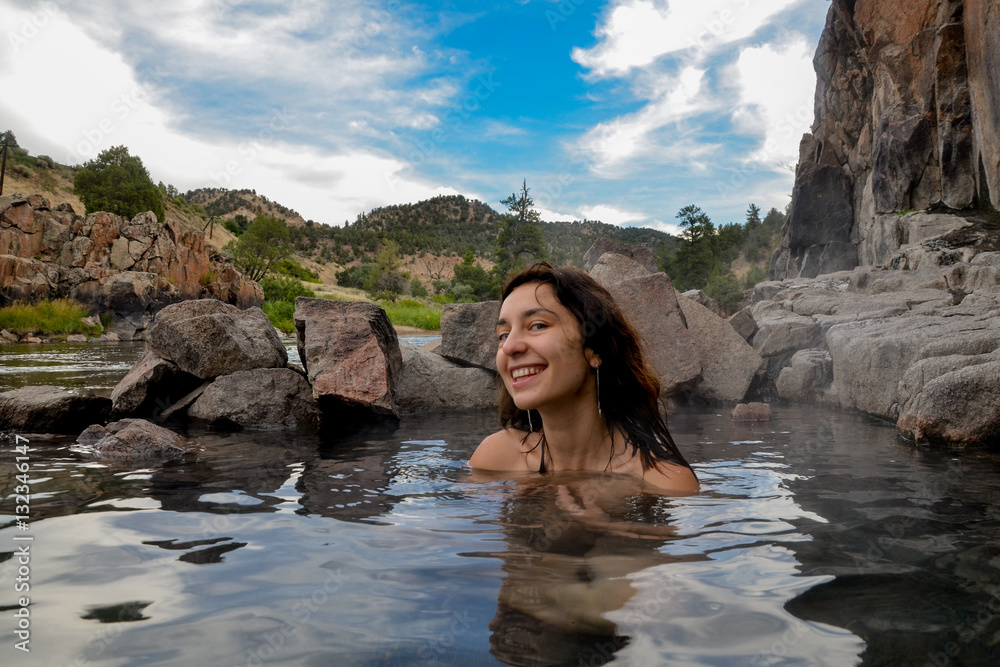 female hiker bathing in primitive hot springs on Colorado river
Radium, Grand County, Colorado, USA female hiker bathing in primitive hot springs on Colorado river
Radium, Grand County, Colorado, USA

++++++++

[Task to carry out]
Give back exactly the lines that run from the line with "Radium, Grand County, Colorado, USA female" through the close of the material, counting both ends, and nothing more.

[Solution for this task]
Radium, Grand County, Colorado, USA female hiker bathing in primitive hot springs on Colorado river
Radium, Grand County, Colorado, USA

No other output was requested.